* _DATA EXTRACT_:

Segment Open

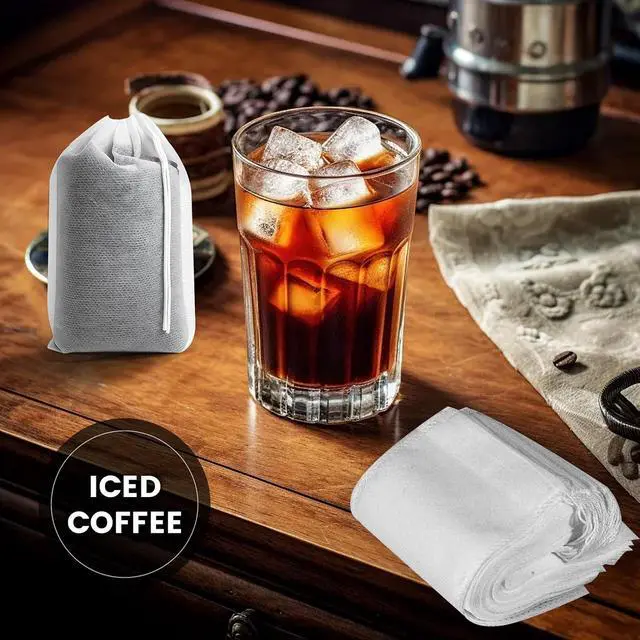 Alt view image 7 of 7 - Cold Brew Bags, 120 Count Brew Coffee Filter Bags, 4x6 Inch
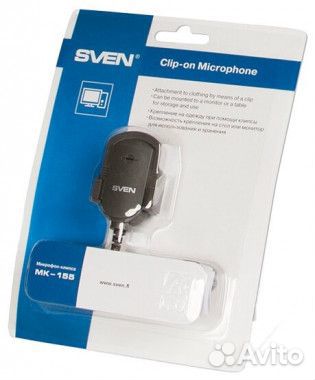 Микрофон - клипса sven VK-155 новый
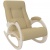 Кресло-качалка модель 4 Мальта 03 сливочный
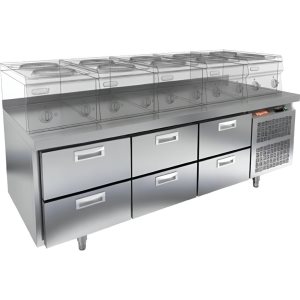 Стол холодильный среднетемпературный HiCold GN 222/TN LT SH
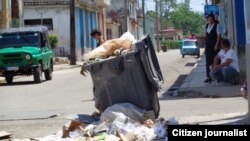 Reporta Cuba. La basura en Santiago de las Vegas. Foto: Misael Aguilar.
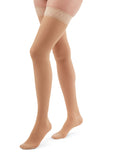 duomed transparent 20-30 mmHg thigh lace topband closed toe petite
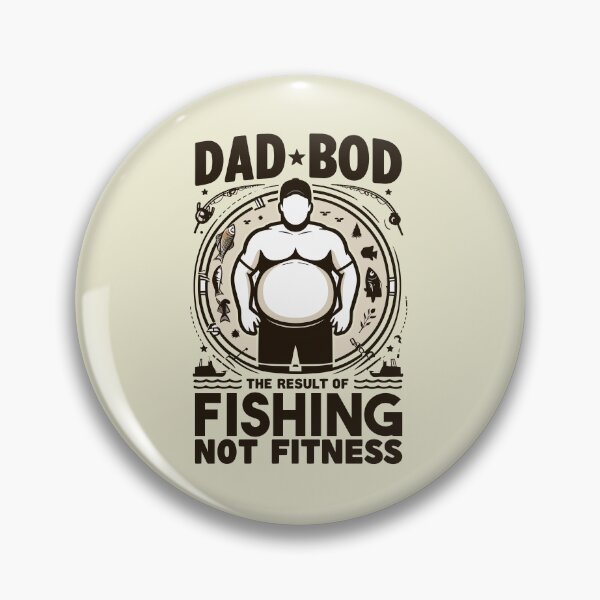 Item preview, Dad Bod The Result Of Fishing Not Fitness designed and sold by Daqomm.
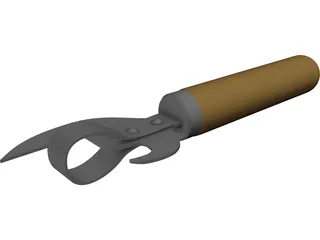 Can Opener 3D Model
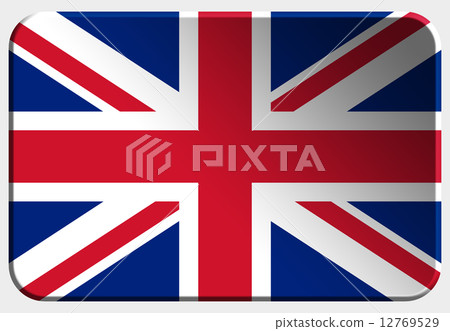 United Kingdom 3D button on white background United Kingdom 3D button on white background 12769529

Segment Closed

* _EXERCISE PROMPT_: Without any pictures, transcribe the listing above exactly as written.

* _EXERCISE SOLUTION_:
 Alt view image 7 of 7 - Cold Brew Bags, 120 Count Brew Coffee Filter Bags, 4x6 Inch
 Микрофон - клипса sven VK-155 новый
 Кресло-качалка модель 4 Мальта 03 сливочный
 Стол холодильный среднетемпературный HiCold GN 222/TN LT SH
 Reporta Cuba. La basura en Santiago de las Vegas. Foto: Misael Aguilar.
 duomed transparent 20-30 mmHg thigh lace topband closed toe petite
 Item preview, Dad Bod The Result Of Fishing Not Fitness designed and sold by Daqomm.
 Can Opener 3D Model
 United Kingdom 3D button on white background United Kingdom 3D button on white background 12769529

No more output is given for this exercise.